Earlier, the IMF had urged Pakistan to impose the GST on petroleum products, along with raising the petroleum levy from Rs 60 to Rs 70 per litre. However, it remains unclear whether the government will increase the levy. If it does not, prices are likely to remain stable, as the government is hesitant to increase fuel costs following a recent decline in inflation. This drop in inflation has helped bolster the government’s image in recent months, and a hike in petroleum prices could risk damaging public perception.
Another significant factor influencing the decision to maintain current prices is the recent decline in global oil prices. On Friday, global oil prices saw a dip, driven by concerns about oversupply and weakening demand, exacerbated by a stronger US dollar. Brent crude fell by 30 cents, or 0.41%, to $72.26 per barrel, while US West Texas Intermediate (WTI) crude dropped by 25 cents, or 0.36%, to $68.45 per barrel.

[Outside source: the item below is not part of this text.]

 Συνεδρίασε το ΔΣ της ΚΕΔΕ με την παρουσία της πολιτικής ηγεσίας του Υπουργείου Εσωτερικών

For the week, both Brent and WTI are expected to decline by approximately 2.2% and 2.7%, respectively.
The U.S. Energy Information Administration reported a significant rise in crude oil inventories, up by 2.1 million barrels last week, far exceeding the forecasted increase of 750,000 barrels. The International Energy Agency (IEA) predicts that global oil supply will outpace demand by 2025, even if current OPEC+ production cuts remain in place. Increased production from the U.S. and other non-OPEC producers is expected to lead to a surplus.
While the IEA has raised its 2024 global oil demand growth forecast by 60,000 barrels per day (bpd) to 920,000 bpd, it has kept its 2025 forecast unchanged at 990,000 bpd. In contrast, OPEC has revised its demand growth forecast for both 2024 and 2025 downward, citing weaker demand from China, India, and other regions.
As of the last price adjustment on October 31, the price of petrol in Pakistan was raised by Rs 1.35, bringing the new rate to Rs 248.38 per litre. High-speed diesel (HSD) saw a more significant increase of Rs 3.85, now priced at Rs 255.14 per litre.
The government is expected to announce the petroleum prices for the next fortnight later today, with many anticipating that no further hikes will be made given the current global and domestic economic circumstances.